What you write should match, word for word, the lines from the one containing "Buty KOTYL Perłowe Skóra Czółenka wz.7077" through the end of the data, with no pictures.

:: AVAILABLE DATA ::

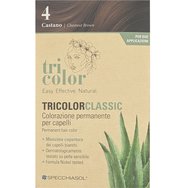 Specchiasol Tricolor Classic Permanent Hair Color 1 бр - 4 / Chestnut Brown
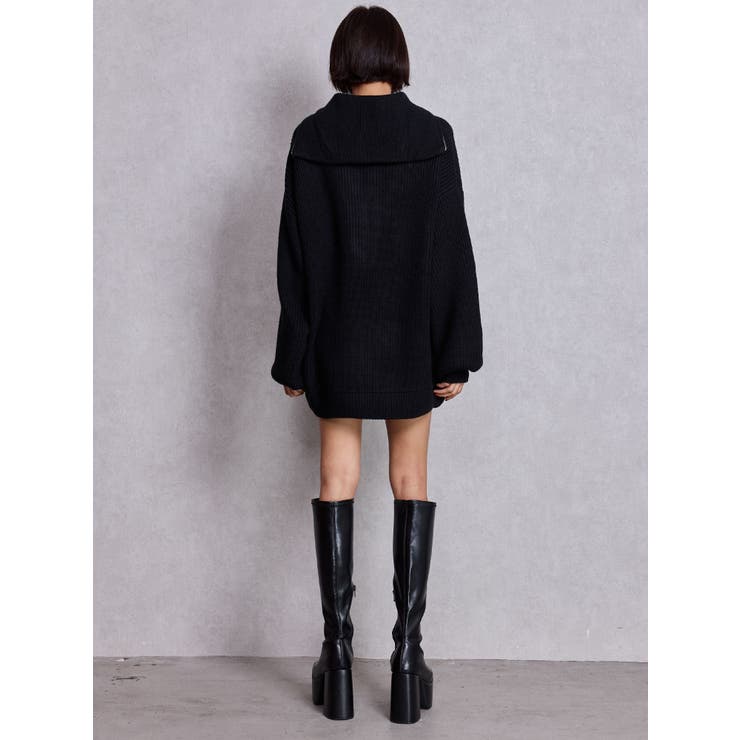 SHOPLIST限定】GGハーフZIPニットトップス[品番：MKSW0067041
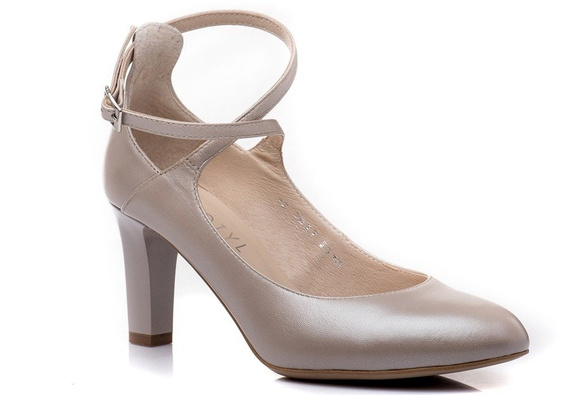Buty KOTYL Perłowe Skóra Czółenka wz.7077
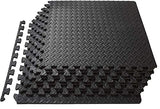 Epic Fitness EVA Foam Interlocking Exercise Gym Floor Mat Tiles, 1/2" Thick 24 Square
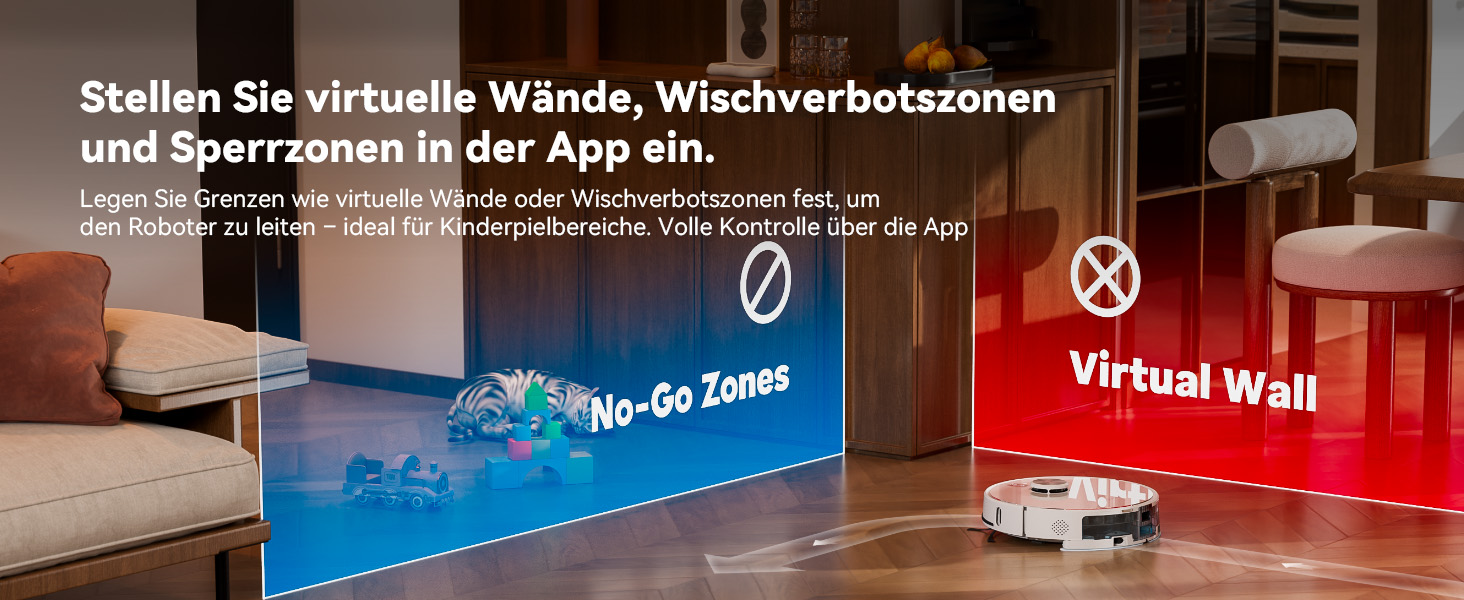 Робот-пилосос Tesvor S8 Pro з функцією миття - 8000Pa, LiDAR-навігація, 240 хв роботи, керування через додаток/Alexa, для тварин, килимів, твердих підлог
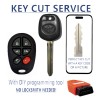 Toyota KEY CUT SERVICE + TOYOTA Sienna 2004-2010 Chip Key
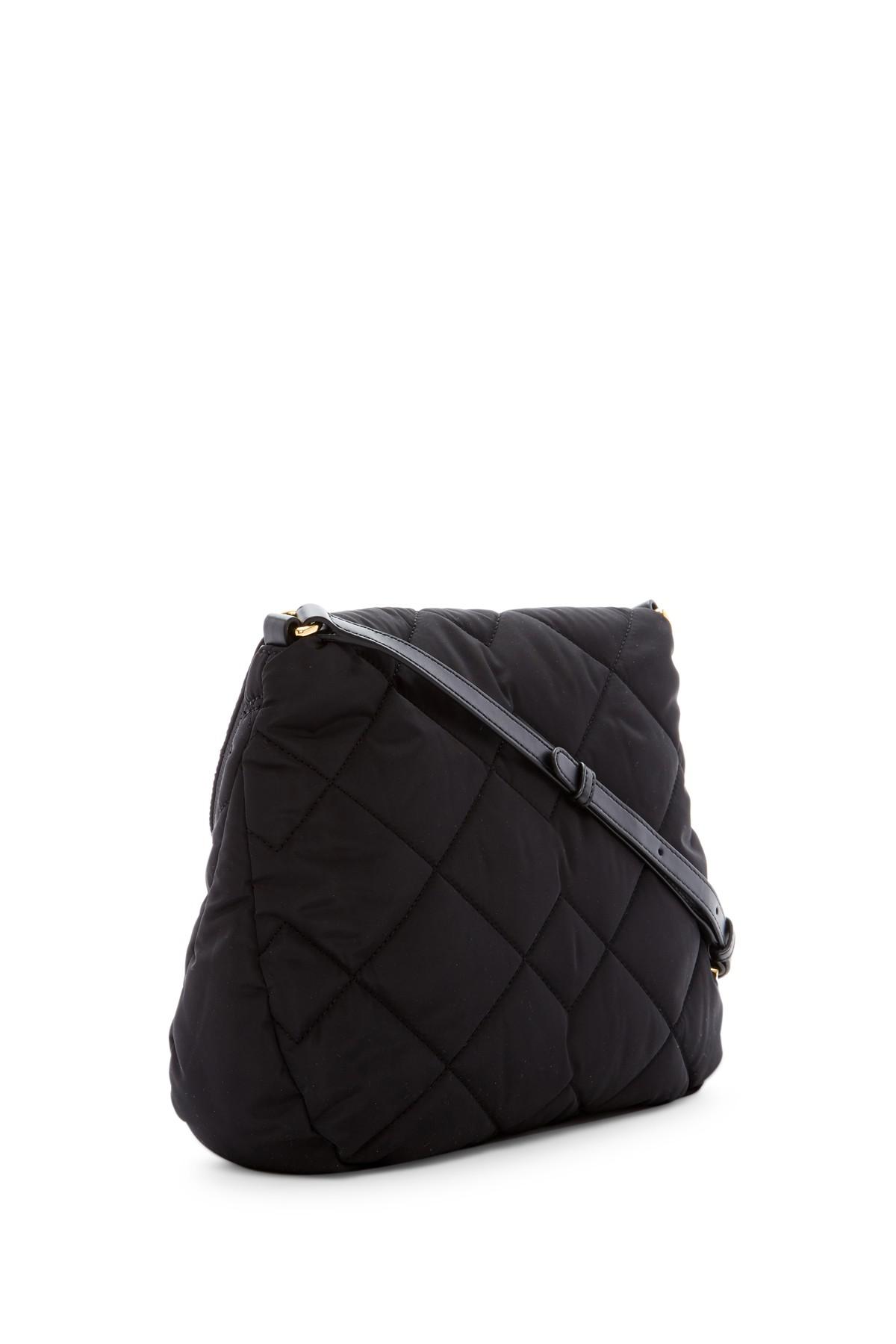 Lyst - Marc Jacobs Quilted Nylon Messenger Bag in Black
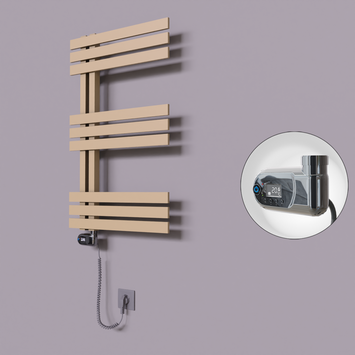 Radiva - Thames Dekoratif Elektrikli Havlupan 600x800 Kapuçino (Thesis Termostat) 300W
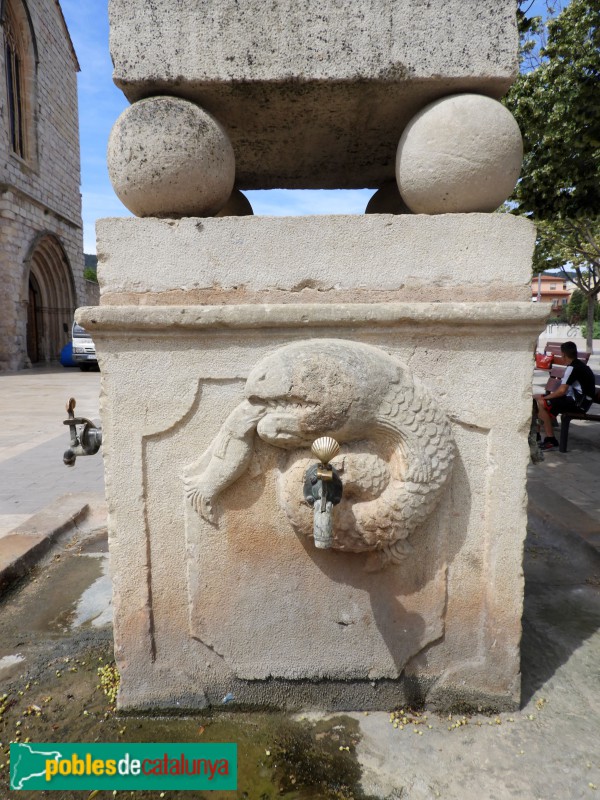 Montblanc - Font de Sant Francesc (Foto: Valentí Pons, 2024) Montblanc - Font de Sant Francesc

:::

§ **RESPONSE**:
Buty KOTYL Perłowe Skóra Czółenka wz.7077
 Epic Fitness EVA Foam Interlocking Exercise Gym Floor Mat Tiles, 1/2" Thick 24 Square
 Робот-пилосос Tesvor S8 Pro з функцією миття - 8000Pa, LiDAR-навігація, 240 хв роботи, керування через додаток/Alexa, для тварин, килимів, твердих підлог
 Toyota KEY CUT SERVICE + TOYOTA Sienna 2004-2010 Chip Key
 Lyst - Marc Jacobs Quilted Nylon Messenger Bag in Black
 Radiva - Thames Dekoratif Elektrikli Havlupan 600x800 Kapuçino (Thesis Termostat) 300W
 Montblanc - Font de Sant Francesc (Foto: Valentí Pons, 2024) Montblanc - Font de Sant Francesc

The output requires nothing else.